▶ [TASK]: Repeat the data exactly. Pictures are not part of the copy.

▶ [SUPPLIED MATERIAL]:
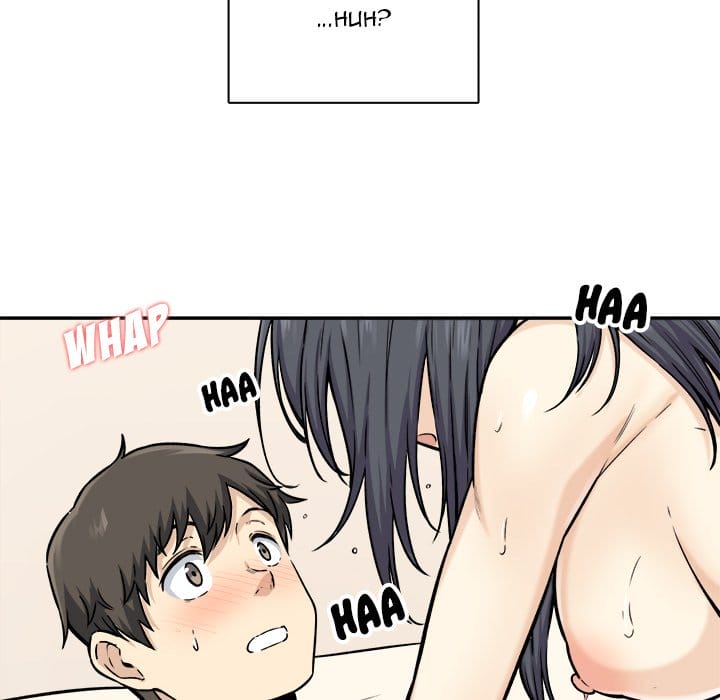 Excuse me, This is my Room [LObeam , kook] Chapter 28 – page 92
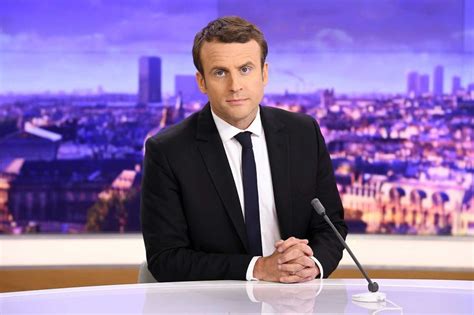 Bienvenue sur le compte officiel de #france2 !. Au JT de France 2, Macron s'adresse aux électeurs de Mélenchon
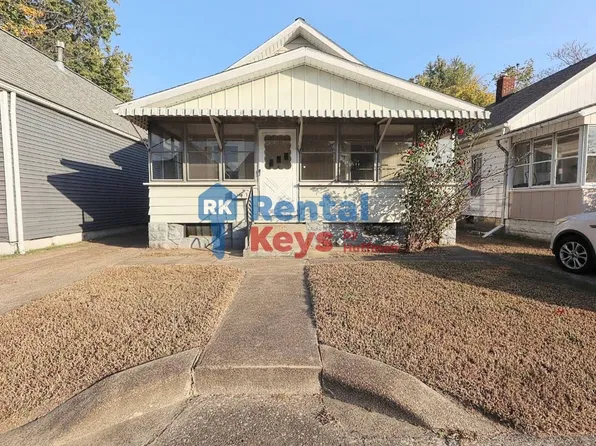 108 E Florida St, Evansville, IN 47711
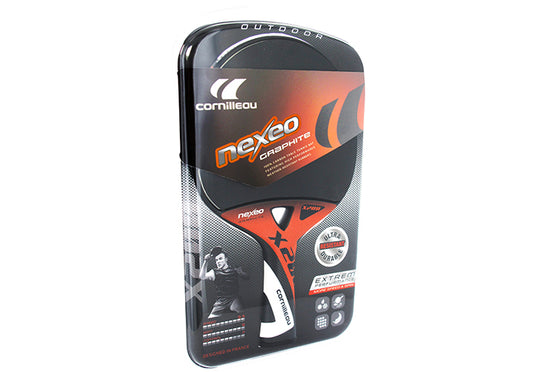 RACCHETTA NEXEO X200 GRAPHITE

▶ [SOLUTION]:
 Excuse me, This is my Room [LObeam , kook] Chapter 28 – page 92
 Bienvenue sur le compte officiel de #france2 !. Au JT de France 2, Macron s'adresse aux électeurs de Mélenchon
 108 E Florida St, Evansville, IN 47711
 RACCHETTA NEXEO X200 GRAPHITE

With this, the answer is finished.